Features worth a closer look
Real browser control. /browse opens an actual Chrome browser so you can watch the AI click and type in real time. A faint green glow at the top of the screen tells you which window gstack is controlling. If a CAPTCHA or MFA prompt comes up, you can hand off with $B handoff to solve it yourself and return with $B resume.
Cross-model review. /codex gets you an independent code review through OpenAI's Codex CLI. When /review (Claude) and /codex (OpenAI) review the same branch, you get a cross-model analysis comparing what each AI found.
Design exploration. /design-shotgun generates several AI design variants and opens a comparison board in the browser, iterating until you pick a direction. It has a built-in "taste memory" that remembers your preferences.
Guardrails. /careful, /freeze, and /guard provide, respectively, blocking of destructive commands, restriction of edit scope, and a full safe mode. /investigate automatically freezes the module it's looking into.
Who should use it
Tan names three audiences. Founders and CEOs who still want to write code themselves. Claude Code beginners who need structured roles instead of a blank prompt. And tech leads and senior engineers who want systematic review, QA, and release automation on every PR.

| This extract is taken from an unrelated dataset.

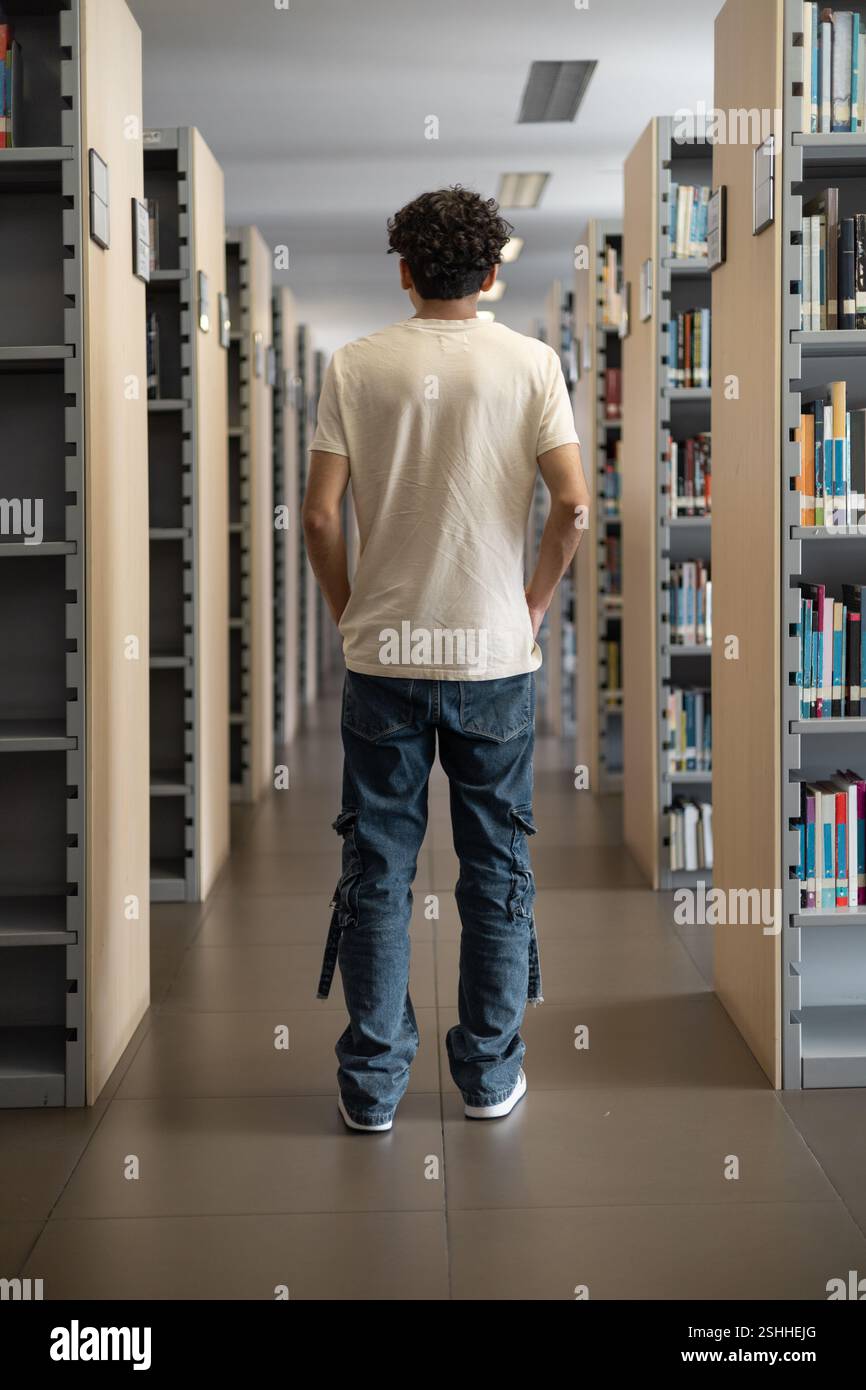 Un jeune étudiant assis dans une bibliothèque, face à face, profondément dans la pensée. Idéal pour des thèmes comme l'étude, la réflexion, l'éducation et la vie académique. Banque D'Images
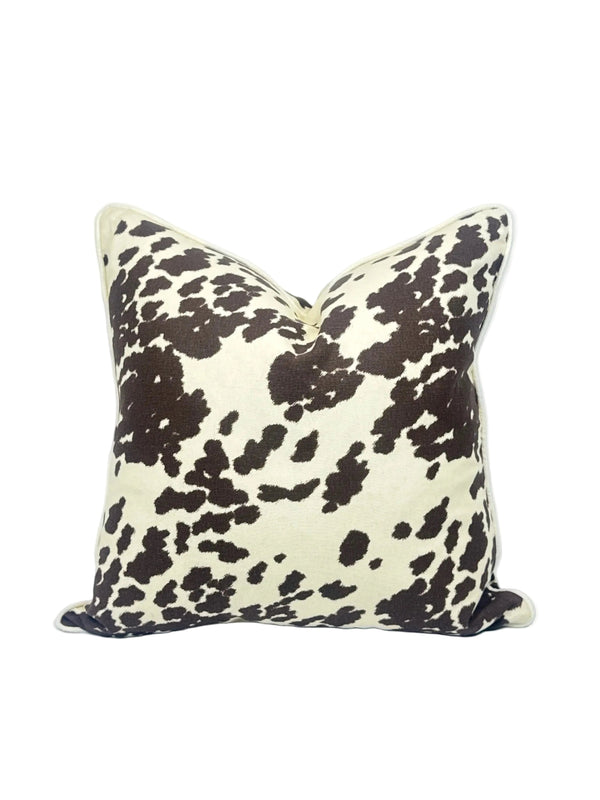 A square throw pillow featuring a dark brown cow print pattern on a cream background, set against a plain white studio backdrop.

There's a takeaway for non-developers too. What gstack demonstrates is that the effectiveness of an AI tool depends less on "how well you write prompts" and more on "how well you structure your process."
When Andrej Karpathy (an OpenAI co-founder) said he hadn't written a single line of code by hand since December, Garry Tan wanted to know "how?" gstack is his answer — proof that one person with the right tools can move faster than a team of 20. The tool is free and MIT-licensed.